EXERCISE DIRECTIONS —
Pick out each line of the records in which the word "House" appears.

DATA —
+ + + + + + +

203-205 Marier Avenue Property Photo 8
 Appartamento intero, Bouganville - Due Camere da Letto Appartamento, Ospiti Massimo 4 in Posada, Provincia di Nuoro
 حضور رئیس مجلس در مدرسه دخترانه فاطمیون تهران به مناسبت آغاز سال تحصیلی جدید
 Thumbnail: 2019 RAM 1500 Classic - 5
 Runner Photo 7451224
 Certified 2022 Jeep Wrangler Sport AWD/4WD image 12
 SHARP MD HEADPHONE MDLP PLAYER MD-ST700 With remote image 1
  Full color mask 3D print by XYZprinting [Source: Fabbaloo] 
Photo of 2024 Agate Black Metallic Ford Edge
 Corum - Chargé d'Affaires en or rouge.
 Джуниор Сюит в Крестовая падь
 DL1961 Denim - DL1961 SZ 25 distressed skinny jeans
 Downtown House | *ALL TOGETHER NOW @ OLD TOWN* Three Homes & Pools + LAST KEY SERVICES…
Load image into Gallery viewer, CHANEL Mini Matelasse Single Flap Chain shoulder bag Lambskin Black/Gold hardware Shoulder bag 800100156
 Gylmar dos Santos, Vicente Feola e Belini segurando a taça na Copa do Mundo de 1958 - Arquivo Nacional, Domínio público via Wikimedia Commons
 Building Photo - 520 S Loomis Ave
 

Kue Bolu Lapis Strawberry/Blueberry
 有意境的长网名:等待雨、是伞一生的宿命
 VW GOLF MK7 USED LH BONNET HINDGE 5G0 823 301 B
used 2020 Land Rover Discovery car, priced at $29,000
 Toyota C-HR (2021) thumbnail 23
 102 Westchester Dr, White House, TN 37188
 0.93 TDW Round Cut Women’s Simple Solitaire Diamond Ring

+ + + + + + +

WRITTEN ANSWER —
 Downtown House | *ALL TOGETHER NOW @ OLD TOWN* Three Homes & Pools + LAST KEY SERVICES…
 102 Westchester Dr, White House, TN 37188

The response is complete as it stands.